Extrêmes gauche et droite

Dans les programmes politiques, on voit stéréotypiquement dans les programmes d'extrême-droite ou de droite nationaliste la sortie de l'euro comme monnaie unique, le retour à une monnaie nationale, le contrôle des frontières quant à l'immigration et des marchandises avec un protectionnisme fiscal ; et à l'extrême-gauche, il n'est guère question de la sortie de l'euro, et il y a la promotion de la liberté de circulation des personnes, alors que le Secrétaire Général du Parti Communiste français Georges Marchais avait discouru en 1980 et 1981 contre l'immigration qui faisait diminuer le salaire des travailleurs : « Il faut stopper l'immigration clandestine et officielle. Il est inadmissible de faire rentrer des nouveaux travailleurs immigrés en France alors que notre pays compte deux millions de chômeurs français et immigrés. »[2], comme un siècle plus tôt le député socialiste Jean Jaurès qui déclarait devant l’Assemblée Nationale que « nous protestons contre l’invasion des ouvriers étrangers qui viennent travailler au rabais »[3] ; et encore avant, en 1864, l'Association Internationale des Travailleurs (surnommée la Première Internationale) a parmi ses buts de « lutter contre la mise en concurrence des travailleurs à l’échelle internationale, essentiellement contre le recrutement de main-d’œuvre étrangère pour briser les grèves ou tirer les salaires vers le bas »[4].

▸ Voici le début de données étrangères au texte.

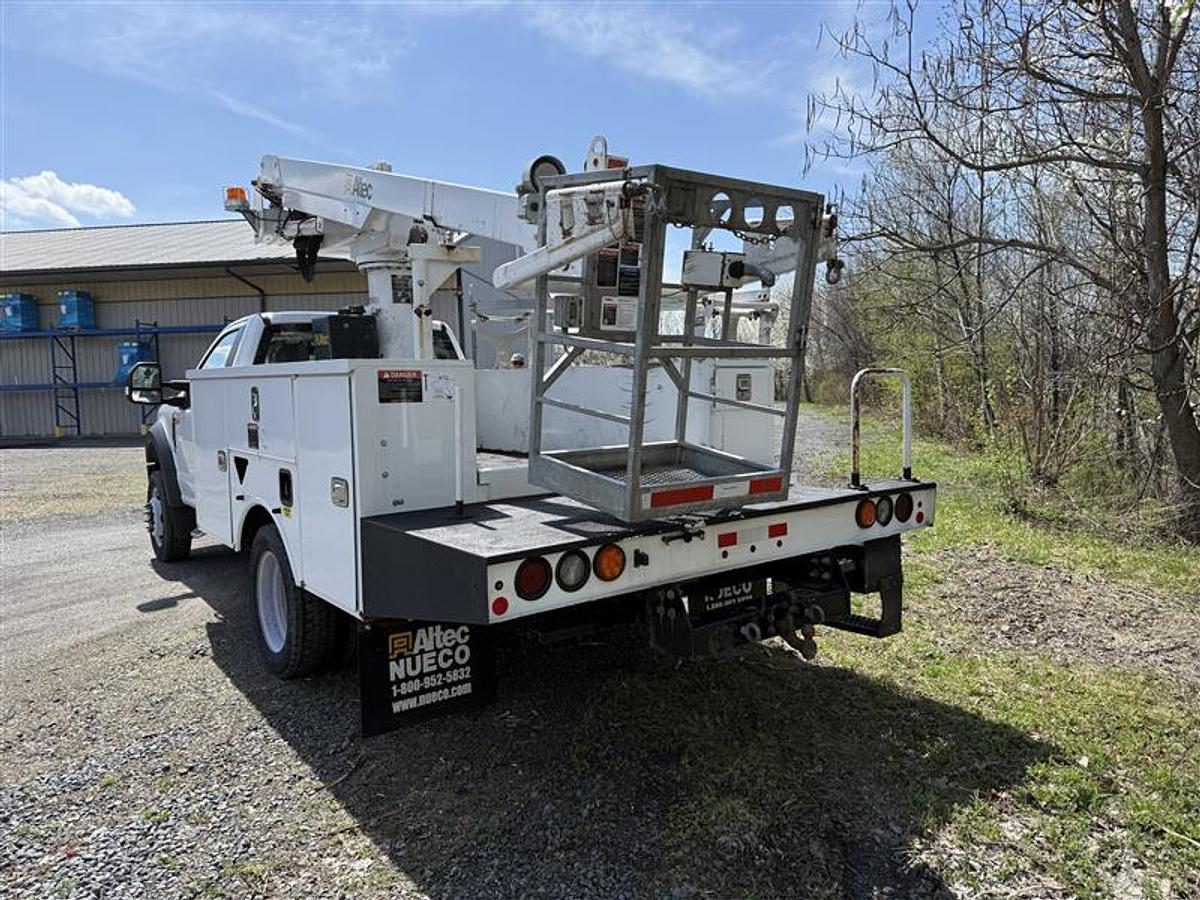 Used 2018 ALTEC AT235P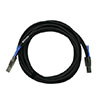 CAB-SAS30M-8644 QNAP Mini SAS 12G cable SFF-8644 3.0m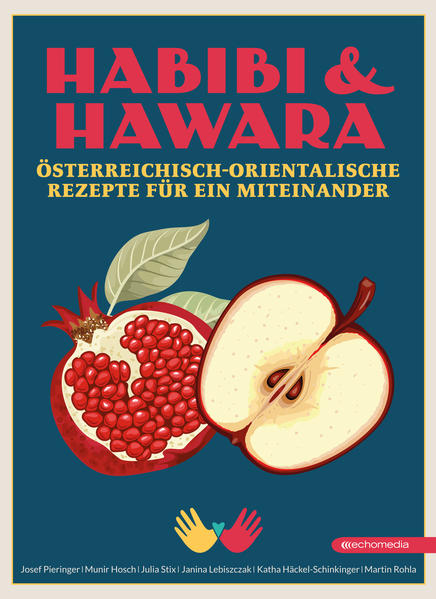 Gastfreundschaft, Heiterkeit, Vielfalt und Liebe stehen im Mittelpunkt dieses Buches, das mehr ist als ein Kochbuch: HABIBI & HAWARA – die beliebten Restaurants, ausgezeichnet für ihre österreichisch-orientalische Fusionsküche, zeigen rund 45 österreichische und orientalische Rezepte die Lust machen aufs gemeinsames Genießen und auf mehr Vielfalt auf und abseits des Tellers. Zudem teilen bekannte Persönlichkeiten ihre Gedanken darüber, was die Welt von Morgen, die von Heute und ein friedliches, wertschätzendes Miteinander eigentlich ausmacht.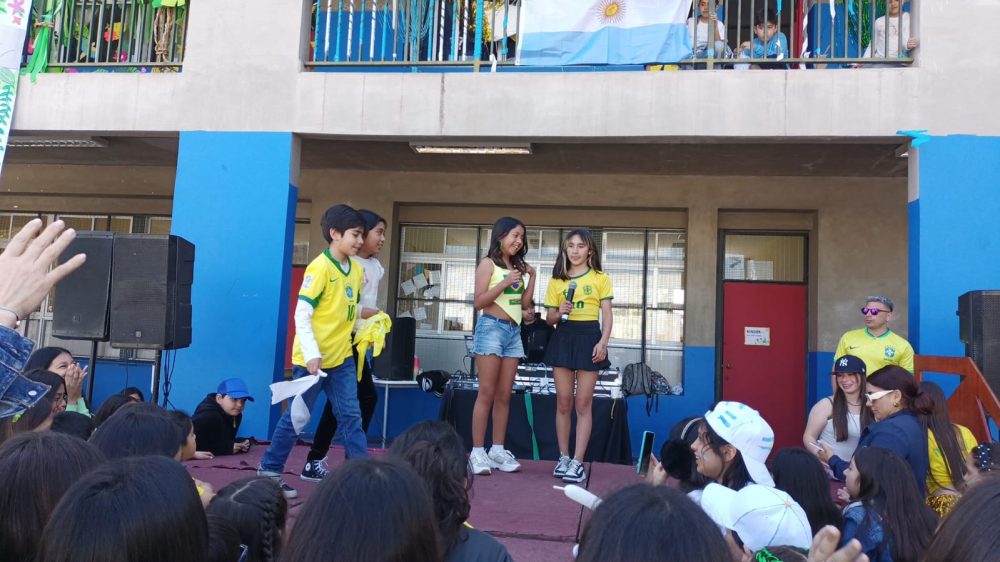 Aniversario Colegio Nº26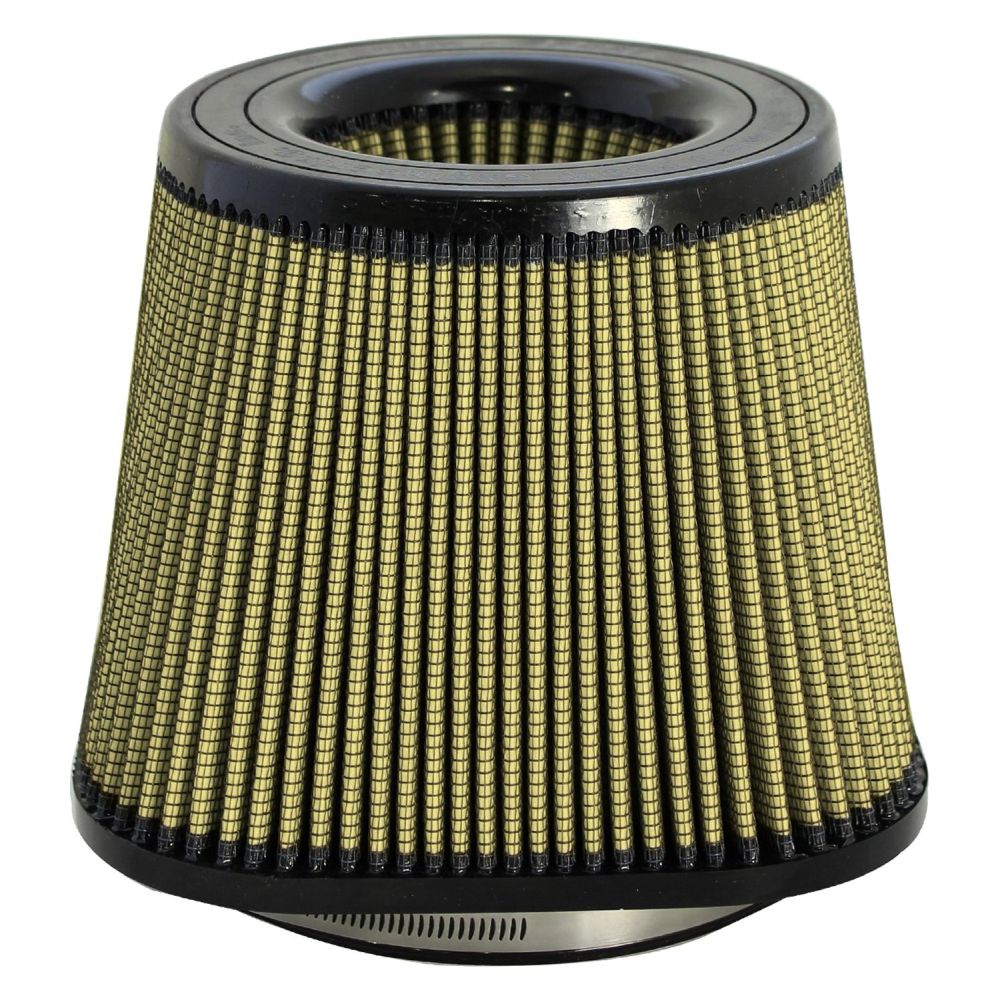 aFe Power 72-91068 MagnumFLOW Intake Pro-GUARD 7 Air Filter - Flange ID-7 1/8 in. x B-8.75x8.75 in. x T-7 in. x H-6.75 in.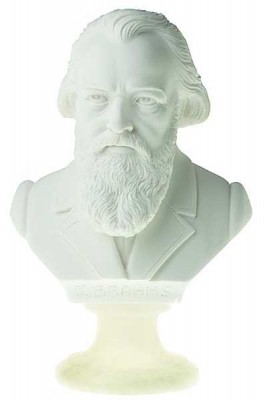Besteci Büstleri - Brahms - Orta Boy - AİM GİFTS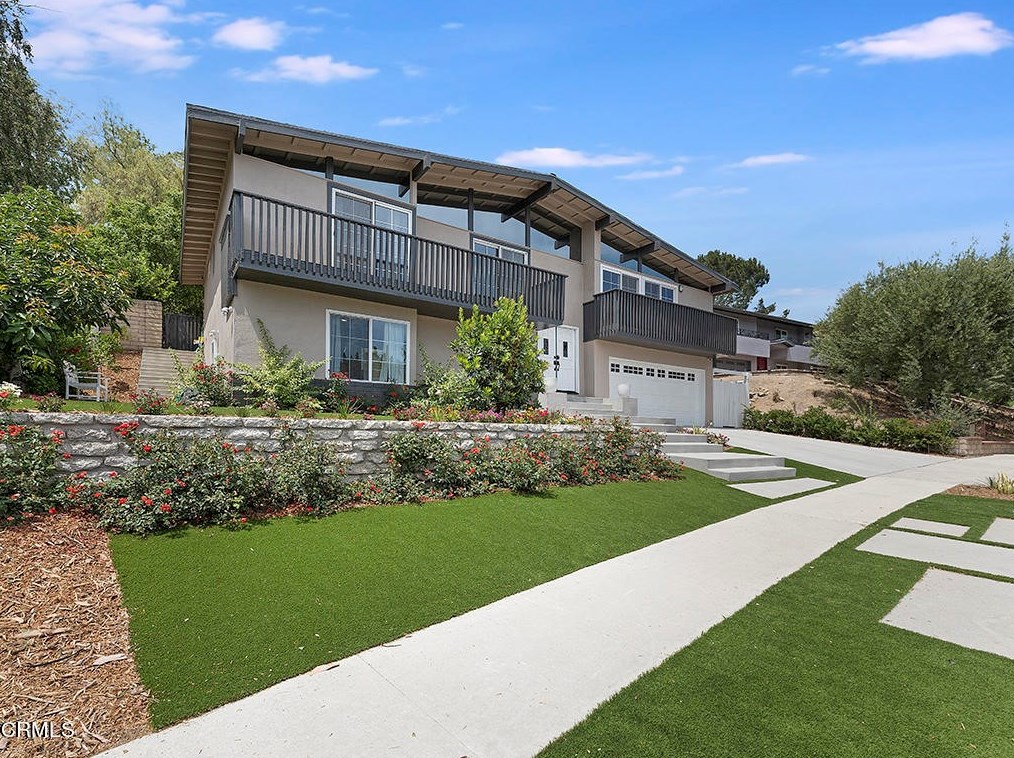 1675 Calle Artigas, Thousand Oaks CA  91360-6812 exterior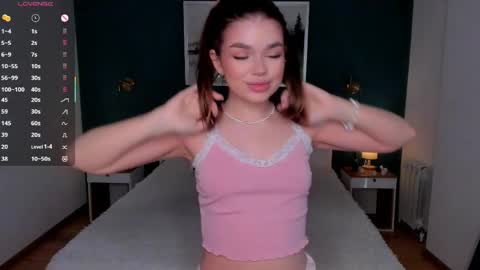 Snapshot of cuddles_jane chatting on 03.13.26 Silvia online show from 03.13.26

Les deux extrêmes ont tort, pour l'extrême-gauche, en étant idéaliste et pas conséquentialiste, c'est-à-dire en n’étant pas écologiste, au sens de s'occuper de l'écosystème ; et dans le cas de la droite d'être discriminatoire. Le projet de l'extrême-gauche est irréalisable sans étapes (avec ces deux proverbes pertinents : « Qui veut faire l'ange fait la bête. », et « Le mieux est l'ennemi du bien. »).

Monnaie

Une monnaie unique n'est bénéfique que dans un même système fiscal[5]. Aux États-Unis, le transfert monétaire entre États peut atteindre un cinquième du budget. Dans l'Union Européenne, c'est un centième. Les peuples européens ne sont pas prêts à verser un cinquième de leurs budgets (par exemple les Allemands vers les Grecs) vers d'autres qui, en tant qu'autre pays, ont une autre politique que la leur, sur laquelle ils n'ont eu aucune responsabilité.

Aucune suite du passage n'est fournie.